Nuestro Señor Jesucristo no hizo sino lo que su Padre le encomendó: “El Hijo no puede por Sí mismo hacer nada, sino lo que ve hacer al Padre; pero lo que Éste hace, el Hijo lo hace igualmente” (San Juan V, 19). “Yo sí le conozco” (San Juan VIII, 55), aseveró Nuestro Señor.
En contraposición a la falta de obediencia de Israel (cf. Isaías XLVIII,4; L, 2) Jesús mostró, con las mismas palabras del salmo, su obediencia al Padre, desde el primer instante de la Encarnación: “No te has complacido en sacrificio ni ofrenda, sino que me has dado oídos… He aquí que vengo… a hacer tu voluntad” (Salmo XXXIX-XL, 7).
Lo repetirá mil veces en el Evangelio diciendo que su alimento es hacer la voluntad del Padre: Jesús adoraba a su Padre, no obstante, ser igual a Él: “Mi alimento es hacer la voluntad de Aquel que me envió y dar cumplimiento a su obra” (San Juan IV, 34).
De ahí que Jesucristo complació a su Padre entregándose a su Pasión: “Entregué mi cuerpo a los que me azotaban… no escondí mi rostro ante los que me escarnecían y escupían” (Isaías L, 6). Y, por eso, “le escupieron en la cara, y lo golpearon, y otros lo abofetearon” (San Mateo XXVI, 67).
Luego “Pilato tomó a Jesús y lo hizo azotar” (San Juan XIX, 1). Cruel inconsecuencia. Sabiendo y proclamando que Jesús es libre de culpa, lo sometió, sin embargo, por librarlo de la muerte, a un nuevo y atroz tormento que no había pedido la Sinagoga… ¡Y luego lo condenó!
Vemos cómo fue espontánea su oblación por su pueblo y por nosotros todos y por cada uno en particular: “Se entregó por nosotros como oblación y víctima a Dios cual incienso de olor suavísimo” (Efesios V, 2). “Me amó, y se entregó por mí” (Gálatas II, 20), dice San Pablo.
Nuestro Señor nos aseguró: “Yo pongo mi vida” (San Juan X, 17). Fue la generosa inmolación de Jesús lo que lo hace extraordinariamente querido por el Padre. No puede pedirse una prueba más asombrosa de amor y misericordia del Padre hacia nosotros al darnos su Hijo: “Nadie me puede quitar la vida, sino que Yo mismo la doy… Tal es el mandamiento que recibí de mi Padre” (San Juan X, 18).

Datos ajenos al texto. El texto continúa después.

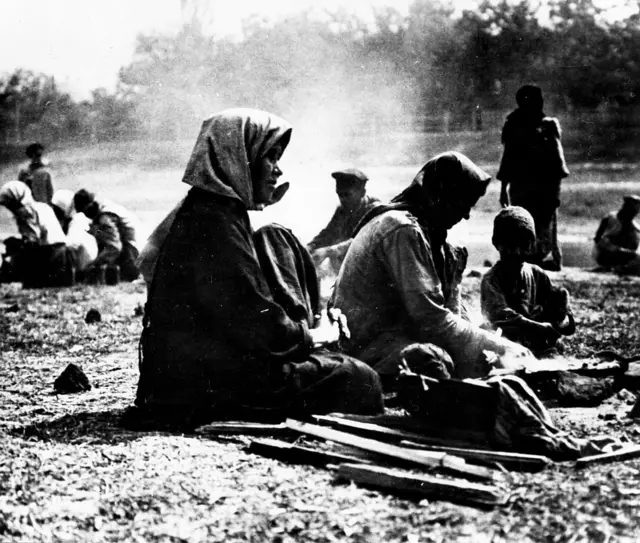 Siyah beyaz fotoğraf: yerde oturan kadın ve çocuklar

Él mismo dio su vida, en obediencia al Padre. Es decir que la obediencia que en este caso prestó Jesús a la voluntad del Padre nada quitó al carácter libérrimo de la oblación de Cristo, cuya propia voluntad coincidió absolutamente con el designio misericordioso del Padre: “Fue maltratado, y se humilló, sin decir palabra como cordero que es llevado al matadero; como oveja que calla antes sus esquiladores, así Él no abrió la boca” (Isaías LIII, 7).
San Jerónimo explica que fue ofrecido porque Él mismo lo quiso: se entregó voluntariamente a la Pasión, ni siquiera se defendió; como un cordero.
Como cordero fue llevado al matadero. Uno de los más hermosos símbolos que usa la Sagrada Escritura. Es el que emplea San Juan el Bautista, para designar al Cristo, que como Víctima había de ser Cordero: el Cordero de Dios que carga con los pecados del mundo.
Como tal estaba prefigurado en los sacrificios de Moisés, en el rito pascual (cf. Éxodo XII, 3ss., que se lee en la Liturgia del Viernes y Sábado Santos), en el sacrificio perpetuo, figura también de la Eucaristía, y aun en el sacrificio de Abel y de Abrahán.
Como infinita era la ofensa, por ser Infinito el Ofendido, Infinito debía ser también Aquel que fuera capaz de pagar esa deuda. Su triunfo viene descrito en el Apocalipsis: “En medio delante del trono… estaba de pie un Cordero como degollado…” (Apocalipsis V, 6).
Esto es así porque en el cielo conserva aún Jesús las señales gloriosas de su Muerte, según lo expresa San Juan con estas palabras: como Cordero degollado…
“Se humilló a Sí mismo, haciéndose obediente hasta la muerte, y muerte de Cruz” (Filipenses II, 8). “Se despojó a Sí mismo” (Filipenses II, 7): Inmensa e infinita es la paradoja de la humillación de Jesús, en la cual reside todo su misterio íntimo, que es de amorosa adoración a su Padre.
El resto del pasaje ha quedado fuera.